The Publisher Opportunity in Search and Contextual, Part 2
Calculate how to buy the very best traffic in a keyword campaign.
Calculate how to buy the very best traffic in a keyword campaign.
The nuts and bolts of a highly-tuned publisher keyword campaign requires technology to track the positive outcomes deriving from every keyword-driven media click. The campaign’s objective is to maximize the holistic profit generated from the keyword traffic buy.
The positive outcomes can be derived from factors outlined in Part 1, but include maximizing page views per visit, as well as conversions to other profit-generating behaviors. Many publishers haven’t assigned values to a new newsletter subscription, but they generally know the value of a paid online or offline subscription.
Running a keyword campaign holistically may require that different departments at the publisher pool resources as well as metrics.
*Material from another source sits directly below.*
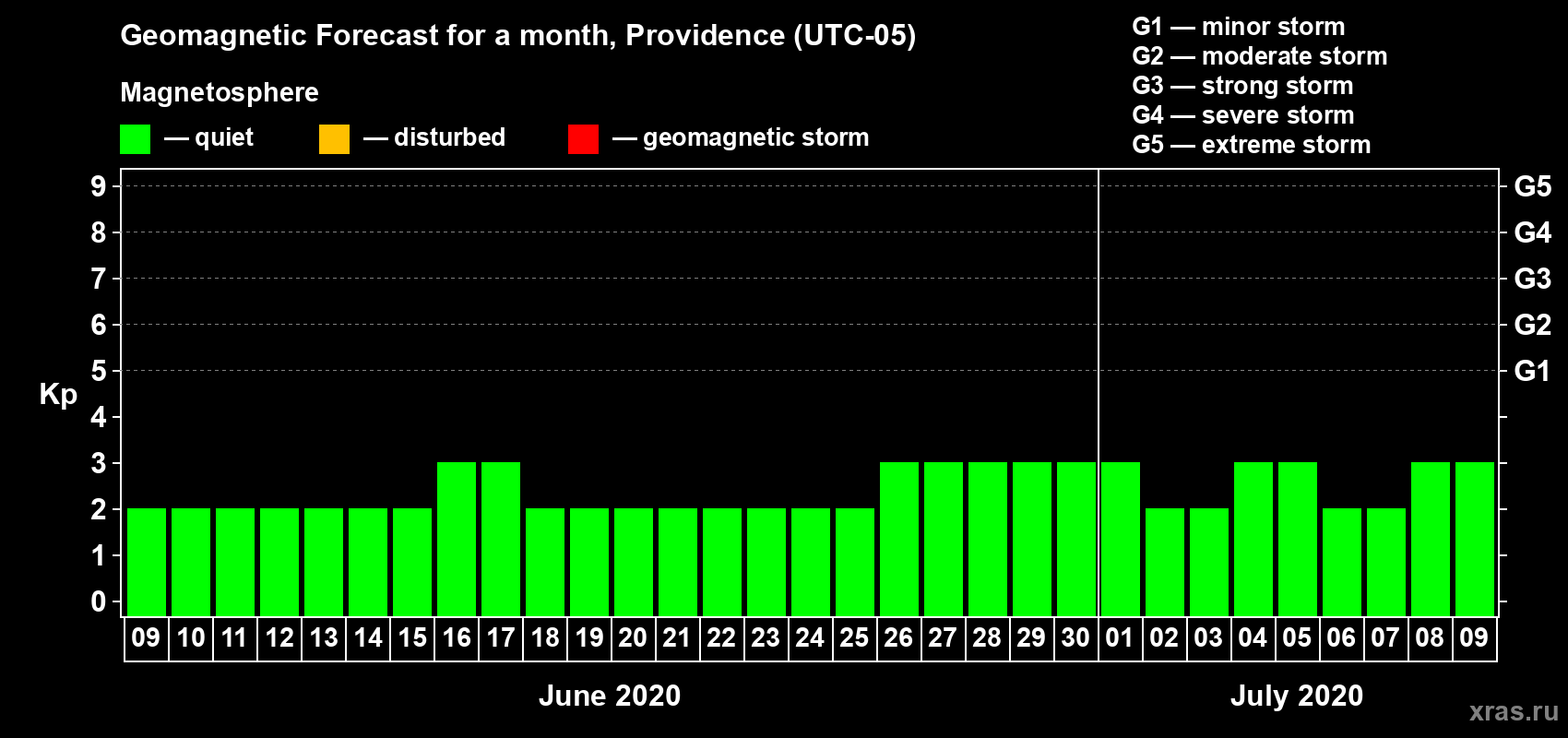 Forecast of the daily maximal value of geomagnetic index Kp for <b>1 month</b> (31 days) <b>from Jun 09, 2020 to Jul 09, 2020</b>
Failure to consolidate metrics will result in a subpar campaign.
Yield managers seeking to drive online page views in specific site categories must collaborate with the offline circulation manager as well as the customer-acquisition manager seeking to build site registrations. Once the success metrics can be folded into a single formula, every page of the site must be pixeled if third-party systems and technologies are to be used.
The campaign manager’s goal is to isolate all the elements of a particular click that make it profitable and buy more clicks with similar profiles. Running the campaign based purely on averages is much more straightforward, but given that keyword inventory is auctioned in real-time and that APIs (define) exist to allow for niche selection of traffic sources, it would be folly not to buy the best identifiable traffic.
If we were to look at the advertising arbitrage aspect of this holistic ad buy (ignoring for the moment the additional profit-generating behaviors of a visitor), the break-even — and therefore the campaign’s profit — will depend on three factors: publisher revenue per thousand pageviews (RPM); the price at which inventory is available on a CPC (define) basis, and the click’s stickiness.
For example, if the publisher site is earning an RPM of $40 within a particular section of the site on which additional inventory could be sold, we can solve for the number of page views per visitor that need to be achieved to reach break-even at a given CPC (of inbound clicks). Alternatively, we could calculate the break-even CPC given a page view-per-visit metric.
For example:
In an auction-bidding environment, not much inventory may be available at 10 cents, which is the break-even in this calculation. Plus, you obviously want to incorporate some profit.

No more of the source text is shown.